Raw data |

Segment Open

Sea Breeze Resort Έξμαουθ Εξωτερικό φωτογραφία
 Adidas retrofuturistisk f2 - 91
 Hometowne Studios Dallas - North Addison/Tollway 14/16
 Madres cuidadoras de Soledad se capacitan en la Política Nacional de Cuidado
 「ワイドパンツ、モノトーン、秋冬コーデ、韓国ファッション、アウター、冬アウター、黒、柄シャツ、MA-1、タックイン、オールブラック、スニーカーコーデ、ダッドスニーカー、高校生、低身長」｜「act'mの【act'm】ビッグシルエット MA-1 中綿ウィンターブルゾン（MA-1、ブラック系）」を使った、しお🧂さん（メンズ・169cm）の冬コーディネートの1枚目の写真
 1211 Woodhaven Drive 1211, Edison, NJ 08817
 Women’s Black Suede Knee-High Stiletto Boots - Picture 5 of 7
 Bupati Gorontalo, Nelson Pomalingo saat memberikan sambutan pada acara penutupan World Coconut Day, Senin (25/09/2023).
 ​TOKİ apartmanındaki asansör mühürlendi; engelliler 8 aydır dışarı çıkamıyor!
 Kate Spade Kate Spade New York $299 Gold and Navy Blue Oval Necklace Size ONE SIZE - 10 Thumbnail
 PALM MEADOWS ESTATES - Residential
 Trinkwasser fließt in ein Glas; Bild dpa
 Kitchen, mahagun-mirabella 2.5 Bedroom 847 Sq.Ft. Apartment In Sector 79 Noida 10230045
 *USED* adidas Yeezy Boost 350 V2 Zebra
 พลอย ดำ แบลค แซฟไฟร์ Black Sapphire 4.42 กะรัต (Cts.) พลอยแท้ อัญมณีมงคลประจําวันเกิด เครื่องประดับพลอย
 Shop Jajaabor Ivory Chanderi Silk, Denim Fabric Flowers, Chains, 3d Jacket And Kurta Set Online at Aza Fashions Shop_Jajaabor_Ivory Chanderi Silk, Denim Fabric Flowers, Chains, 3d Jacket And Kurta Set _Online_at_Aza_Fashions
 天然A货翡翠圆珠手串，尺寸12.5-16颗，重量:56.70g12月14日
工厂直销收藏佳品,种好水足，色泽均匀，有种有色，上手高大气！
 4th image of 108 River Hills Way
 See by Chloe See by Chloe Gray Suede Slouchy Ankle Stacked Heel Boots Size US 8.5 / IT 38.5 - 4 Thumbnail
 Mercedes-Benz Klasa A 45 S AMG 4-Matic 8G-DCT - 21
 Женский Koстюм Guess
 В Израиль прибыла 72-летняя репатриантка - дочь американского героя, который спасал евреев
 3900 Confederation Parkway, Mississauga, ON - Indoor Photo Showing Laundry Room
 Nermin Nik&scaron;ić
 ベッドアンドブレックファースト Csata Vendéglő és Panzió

Segment Closed

What the exercise asks | The lines you need are those containing "Boots"; find them in the records and copy them.

Written reply |
 Women’s Black Suede Knee-High Stiletto Boots - Picture 5 of 7
 See by Chloe See by Chloe Gray Suede Slouchy Ankle Stacked Heel Boots Size US 8.5 / IT 38.5 - 4 Thumbnail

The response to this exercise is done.